Der Ukraine laufe die Zeit davon, beklagt die WASHINGTON POST. "Obwohl Russland den bemerkenswerten Kampfgeist der ukrainischen Bevölkerung nicht brechen kann, könnte dies ein Jahr sein, in dem Russland die immer dünner werdenden Frontlinien der Ukraine durchbricht. Sicherlich setzt der russische Präsident Putin darauf sowie auf monatelange Verzögerungen in den USA und hofft auf die Rückkehr des ehemaligen Präsidenten Trump ins Amt. Dieser hat die republikanischen Mitglieder des Repräsentantenhauses dazu gedrängt, die Hilfen für die Ukraine zurückzuhalten. Jeder Tag, den das Repräsentantenhaus die Hilfe hinauszögert, macht den Kampf der Ukraine schwieriger und verringert die Chancen auf einen positiven Ausgang des Konflikts - selbst dann, wenn die US-Hilfe endlich ankommt", prophezeit die WASHINGTON POST aus den USA.

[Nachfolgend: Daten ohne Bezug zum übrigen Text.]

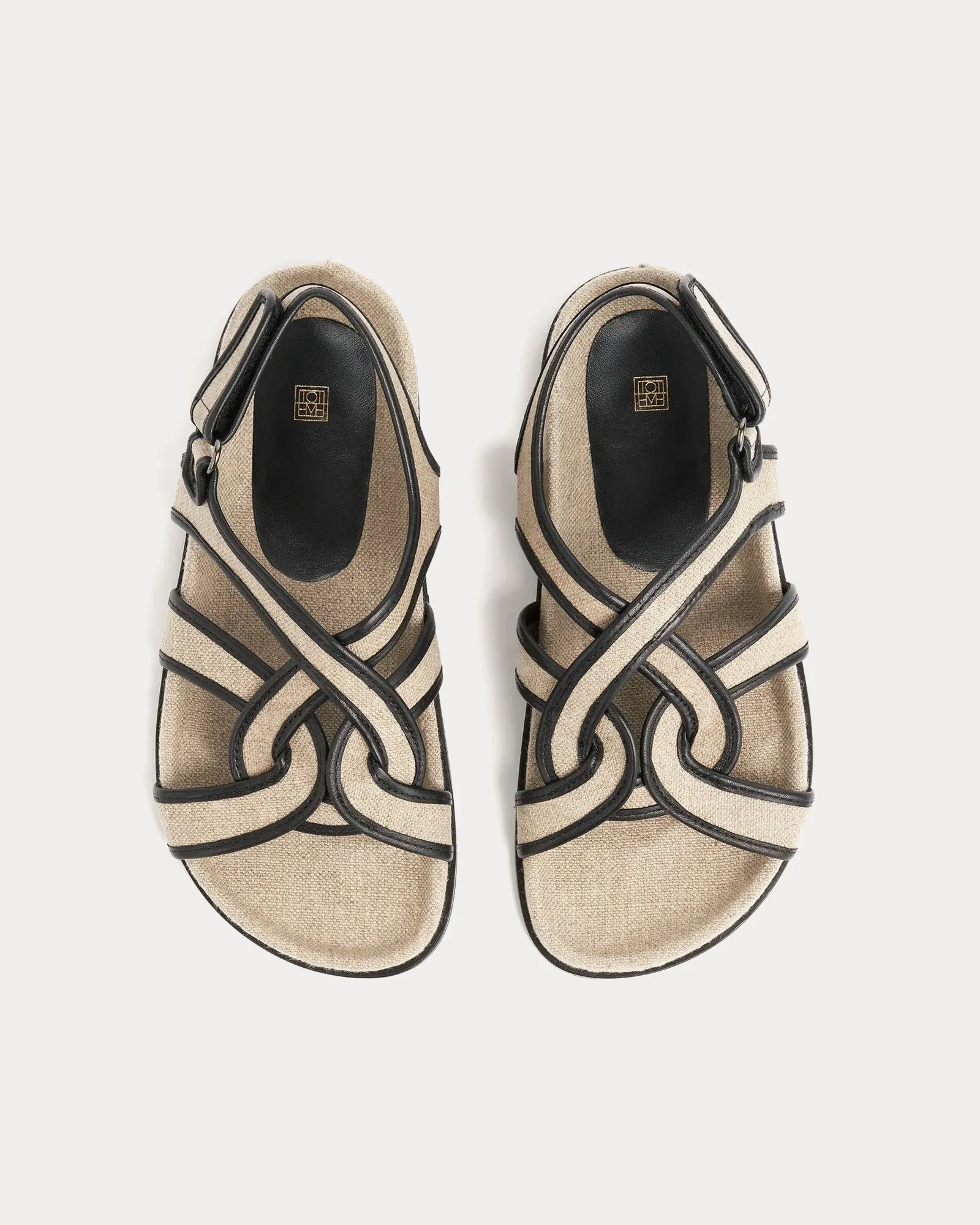 Chunky Beige / Black Sandals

Zum Besuch des russischen Außenministers Lawrow in Peking schreibt die in Schanghai erscheinende Zeitung JIEFANG RIBAO: "Mit dem zweitägigen Besuch soll das gegenseitige politische Vertrauen weiter vertieft und die bilaterale Kooperation gefördert werden. Es werden aber auch heiße Themen angesprochen, und möglicherweise wird im Mai der russische Präsident Putin sogar nach Peking kommen. Beide Länder arbeiten auf der internationalen Bühne nicht nur in den Vereinten Nationen, sondern auch in vielen anderen Formaten wie etwa den BRICS-Staaten zusammen. Was die Ukraine anbelangt, so hat Lawrow das Positionspapier der chinesischen Regierung als den bisher vernünftigsten Vorschlag zur Lösung der Krise bezeichnet", erläutert die chinesische Zeitung JIEFANG RIBAO, mit der die internationale Presseschau endet.